Funds for the Long-term SSIP

The Long-term SSIP provides a fixed amount of funds annually, starting in 2019 and continuing through 2026. Beginning in 2022, states are required to match a certain percentage of allocated funds annually with non-federal dollars. Table 1 below summarizes the annual allotment of federal funds as well as the required level of state matching funds.

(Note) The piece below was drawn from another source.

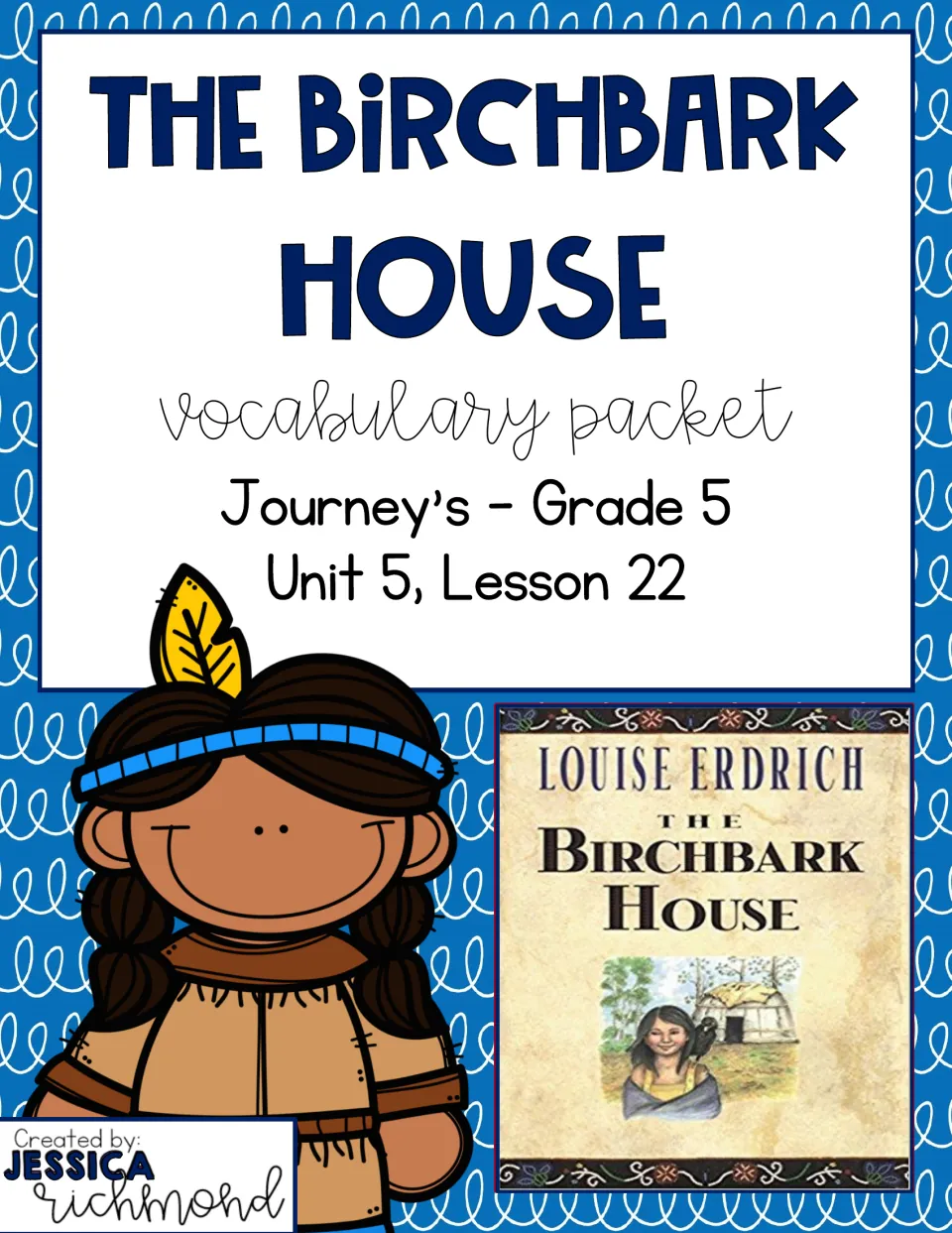 The Birchbark House vocabulary packet cover for Journey's Grade 5, Unit 5, Lesson 22, showing Louise Erdrich's book cover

Table 1: Schedule of federal funds and levels of required state matching funds for the Long-term SSIP

Year Federal allocation of funds (billions) Required state funding as % of federal allocation
2019 $8 0%
2020 $14 0%
2021 $14 0%
2022 $6 7%
2023 $6 14%
2024 $5 21%
2025 $5 28%
2026 $4 35%

The funds under this program could be used in a number of ways, including:

  • Providing financial assistance to high-risk individuals who have, or are projected to have, a high rate of utilization of health services (as measured by cost) to help enroll in a plan in the individual market
  • Establishing a program to enter into arrangements with health insurers to help stabilize premiums and to promote participation and plan choice in the individual market
  • Providing payments to health care providers for health care services as specified by CMS
  • Providing assistance to reduce the out-of-pocket costs (such as copayments, coinsurance, and deductibles) of individuals enrolled in health insurance coverage in the individual market

The exact methodology for the allocation of funds by state is not described in the bill. However, the bill specifies that the eventual allocation method in years 2019 through 2021 needs to ensure that at least $5 billion of the total Long-term SSIP funds in each year are used for the purposes of entering into arrangements with health insurers to stabilize premiums and promote participation and plan choice in the individual market. The bill gives the Administrator of CMS the authority to specify the parameters for the use of these funds, and these parameters will be released within 30 days of enactment of the law.

To be eligible to receive funding in a certain year, each state must submit an application to the Administrator of CMS no later than March 31 of the previous year. This application includes a description of how funds will be used and a certification that the state will meet the minimum match requirement with non-federal funds and will only use the money for the allowable purposes. Each of the 50 states and the District of Columbia are eligible to submit applications. If a state application is approved in a given year, the same application is automatically approved for each subsequent year through 2026.

The enactment of new health reform legislation is likely to be an iterative process, and changes to BRCA and the specifics of the SSIP are probable. Issuers and state administrators should stay attuned to emerging developments in order to be ready to take advantage of the funds being made available.

The comments and summaries contained in this paper are based on the interpretation of the BCRA by the author. This information is current as of the time of this writing, and future events may affect the material presented here. The author is not an attorney, and, therefore cannot issue legal interpretations or opinions.